Support for More Consistency in Venture Analysis

At this point in time, we realize that the field of venture capital investment decisions is not ready for “a” standard decision making process for evaluating business plans—or in any other aspect of venture capital decision-making. However, the findings of this study, in association with other research, do demonstrate that a foundation exists for more widespread application of known, viable venture attributes to the VC investment decision process. Perhaps the time is right for the formation of the Global Committee for Venture Analysis Standards called for by Mitchell (2001)?

Conclusion

Our study has shown that, compared to other methods, actuarial models based on known, viable venture attributes have potential to improve the likelihood of predicting the success of a potential investment when they are applied by a venture capitalist to the process of screening business plans. Their hit-rates were more accurate and consistent than hit-rates achieved by rival methods.
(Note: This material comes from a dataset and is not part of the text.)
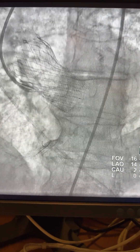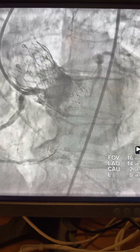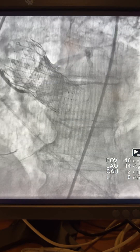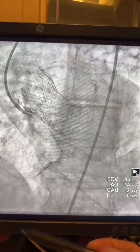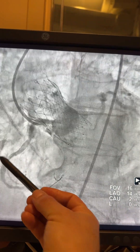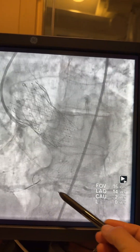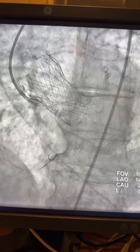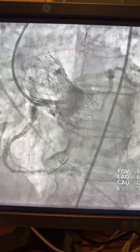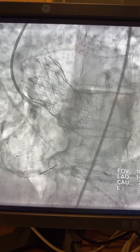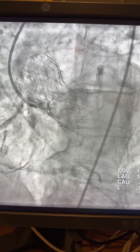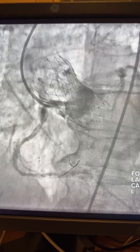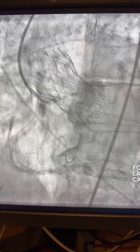Here I'm taking an angiogram. Still unable to visualize the RCA well. There is a lesion in the mid-RCA and there is a lesion in the PDA. So the next step is to advance the guideliner over the balloon.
Our research team hopes that this study will stimulate further research into both the VC decision-making process and the content and utility of entrepreneurial business plans as vital inputs to that process. The focus of future research should progress towards greater standardization and better performance in VC decision-making. Standardization is not an end in itself. But it could become a means of achieving more consistency and higher success ratios in an industry still marked by a high level of caprice and a low level of success in picking winners.